#### WHAT IS EXPECTED:
Print the lines below from the line with "Gucci Shoulder Bag GG Canvas Hobo" to the line with "Nacho Average Uncle" exactly, keeping both ends, and print no pictures.
*** EXTRACTED ENTRIES Section Begins ***
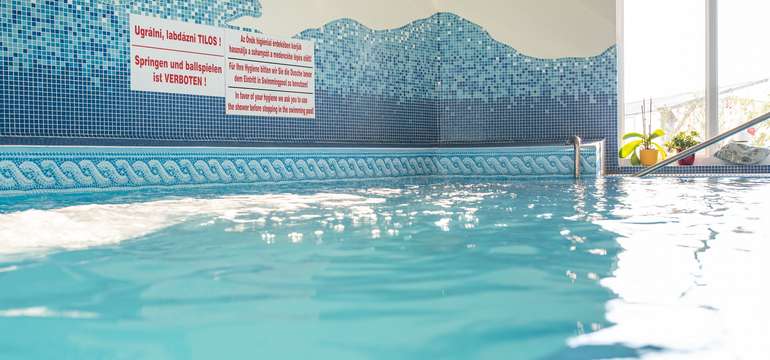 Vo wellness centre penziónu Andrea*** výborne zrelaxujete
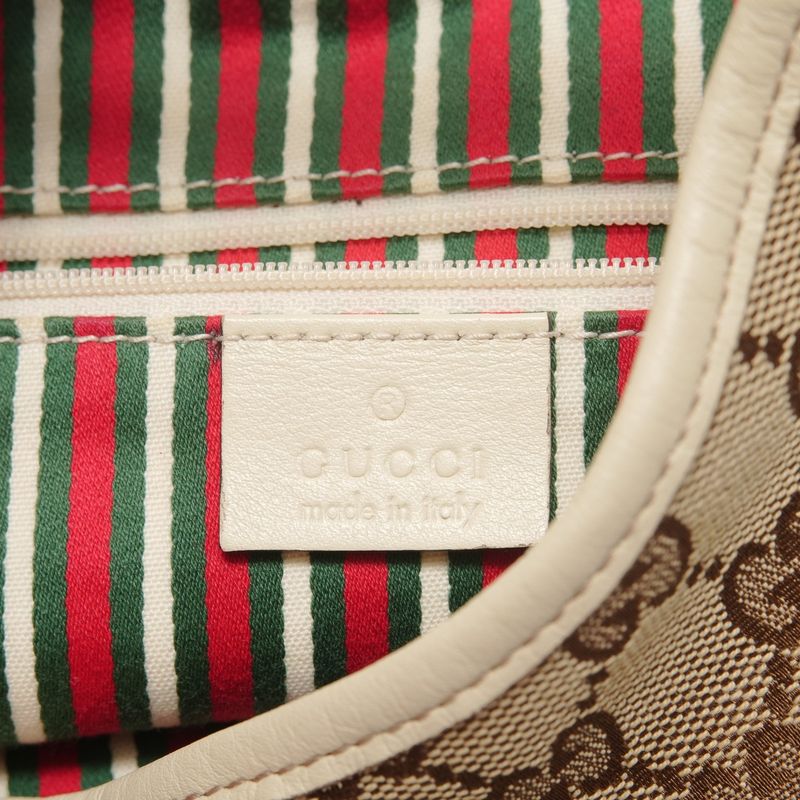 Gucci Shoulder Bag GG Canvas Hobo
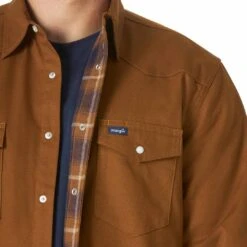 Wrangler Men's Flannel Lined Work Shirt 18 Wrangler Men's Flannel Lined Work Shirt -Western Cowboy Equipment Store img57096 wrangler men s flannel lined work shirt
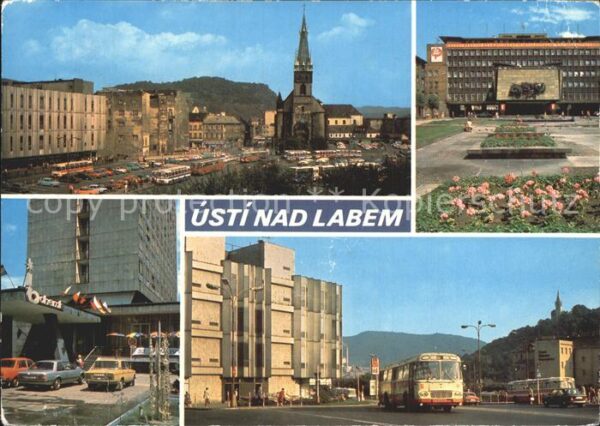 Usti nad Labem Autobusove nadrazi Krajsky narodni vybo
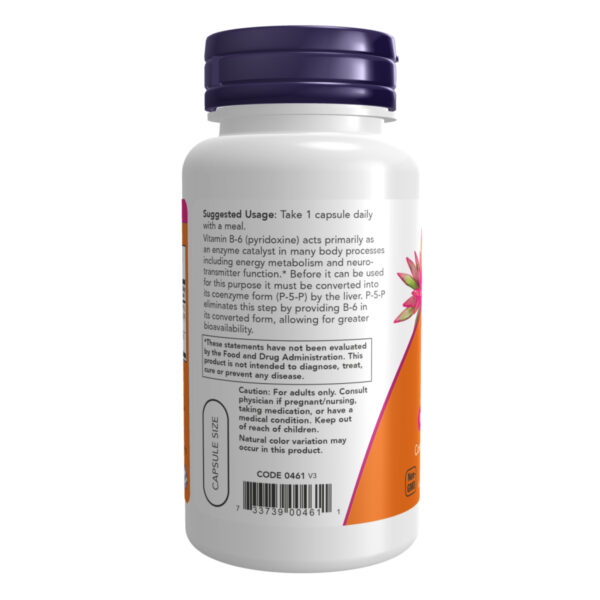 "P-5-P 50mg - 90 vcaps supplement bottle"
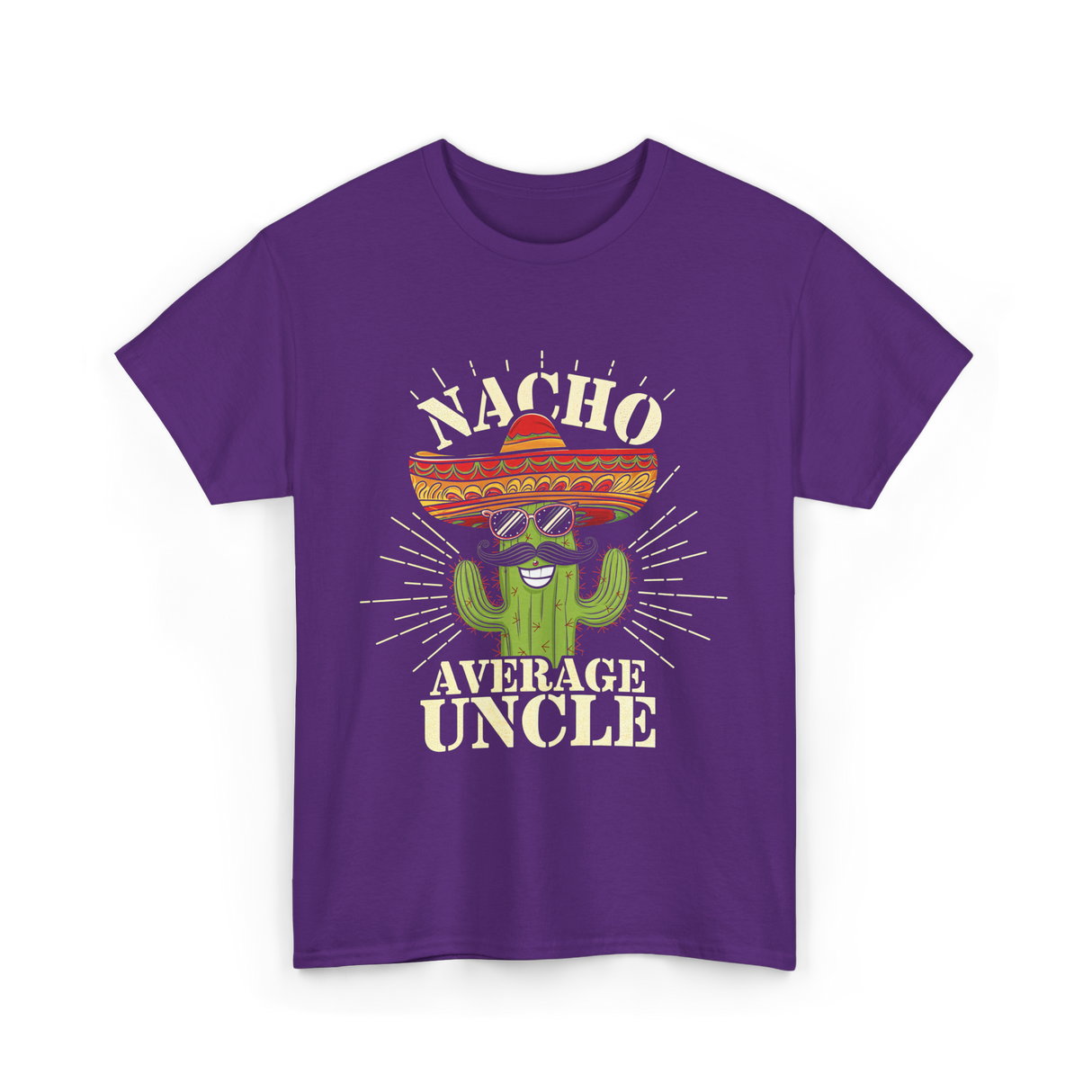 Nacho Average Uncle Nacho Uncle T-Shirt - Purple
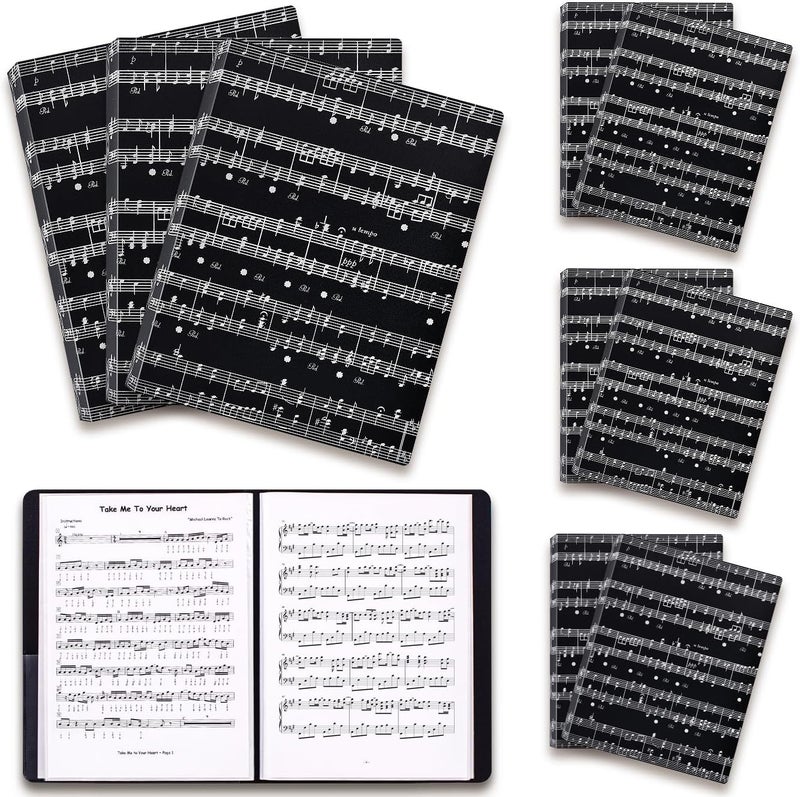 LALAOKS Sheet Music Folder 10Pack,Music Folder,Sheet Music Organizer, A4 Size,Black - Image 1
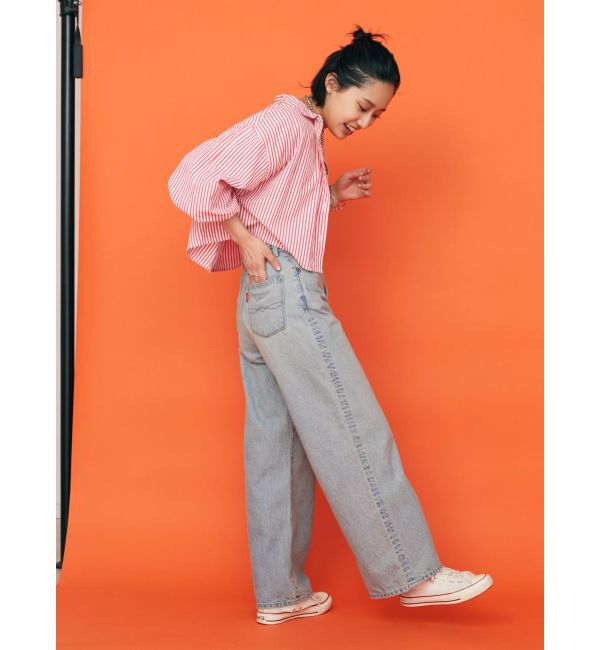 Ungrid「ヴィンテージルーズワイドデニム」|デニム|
*** EXTRACTED ENTRIES Section Ends ***
#### ANSWER FOR THE TASK:
 Gucci Shoulder Bag GG Canvas Hobo
 Wrangler Men's Flannel Lined Work Shirt 18 Wrangler Men's Flannel Lined Work Shirt -Western Cowboy Equipment Store img57096 wrangler men s flannel lined work shirt
 Usti nad Labem Autobusove nadrazi Krajsky narodni vybo
 "P-5-P 50mg - 90 vcaps supplement bottle"
 Nacho Average Uncle Nacho Uncle T-Shirt - Purple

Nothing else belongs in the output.